2) Feel free to enjoy the multitude of traditional sea-faring songs, but no one wants to hear a Come From Away (that's you) affect a phony generic east coast accent.
3) Being a big city blowhard will not work in your favour here. Really.
4) You're going to crawl the pubs, we know this. But keep in mind, there are people around here who were drinking at the Lower Deck before you were born and don't think vomit is funny. Here's a free tip: Get yourself a donair, a localized Middle Eastern dish that looks like a gyro. It's substantial and its sweet meat sauce is a great way to soak up the booze after a late night.
5) Watching women try and walk up Sackville Street in heels---in the winter---is its own sport around here. Take a pass on the Christian Louboutin knock-offs and get yourself a good pair of boots.
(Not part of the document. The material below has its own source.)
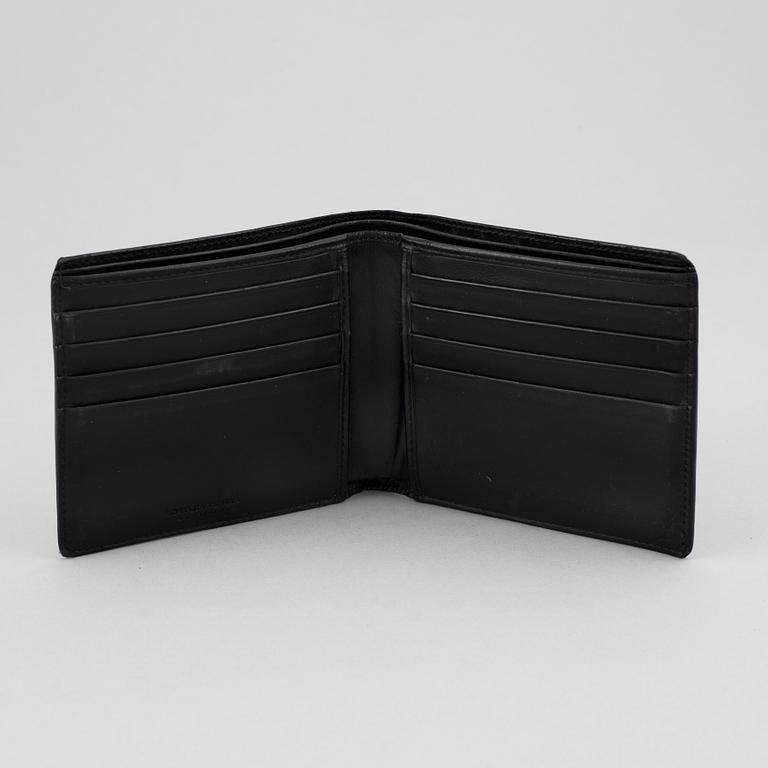 Bottega veneta, a black leather wallet.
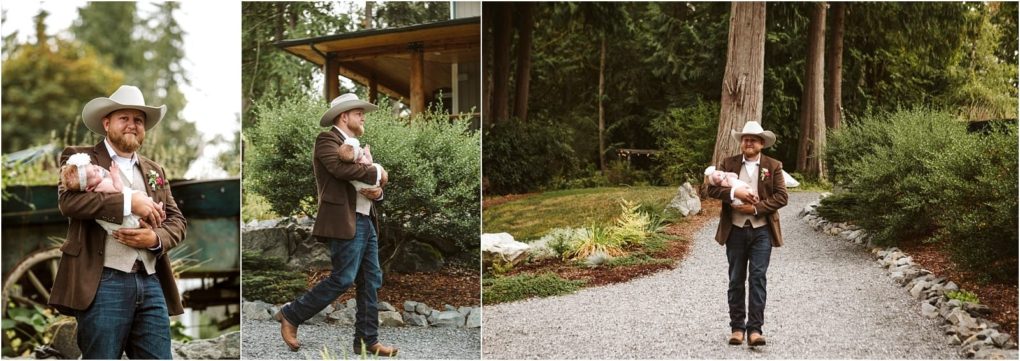 Premier snohomish & seattle wedding photographer | gsquared weddings photography a man in a cowboy hat and brown jacket gently carries a baby in a pink blanket outdoors walking along a gravel path surrounded by greenery and trees capturing a tender moment reminiscent of a snohomish seattle engagement | serving snohomish seattle                   & beyond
Here's a few other things to know. People who live in Halifax are called Haligonians. Not Halifaxers, not Halifaxonians. It's just another way to mess with the heads of people from away, I suppose, but that's the way it is. Also, the HRM---Halifax, Dartmouth and the sprawl around it---is a great city. Not only because people are friendly and considerate---yes, that cliche is true: just look at all the cars stopping for jaywalking pedestrians---but because it's so easy to get out of town. Beautiful lakes and beaches are easily accessible, even by bike. I'm not going to spoil your fun by telling you where they all are, but know that it would take you less time than applying for a student loan to find a great place to swim in the summer and skate or ski in the winter.
On a more serious note, I'd avoid staggering home drunk across the Halifax Common late at night. Halifax is a friendly town, but every place has its dark corner. Use your common sense here.
And finally, the latest news: With Halifax now having sewage treatment, the bacteria count in the harbour has been reported to be lower than in some lakes. Mayor Peter Kelly took a dip recently, as have several journalists covering the story. Numbers aside---I was an arts major---all I can think of is that the toilets of Halifax have been flushing directly into the harbour for 250 years. The science may be there, but you won't catch me in those waters. Geh.
1. Avoid asinine assumptions about local culture.
2. Curb your cosmopolitan 'tude and wear sensible shoes.
3. Be canny about the rougher areas of town after dark.
4. Think twice before you jump in the harbour, no matter what the mayor says.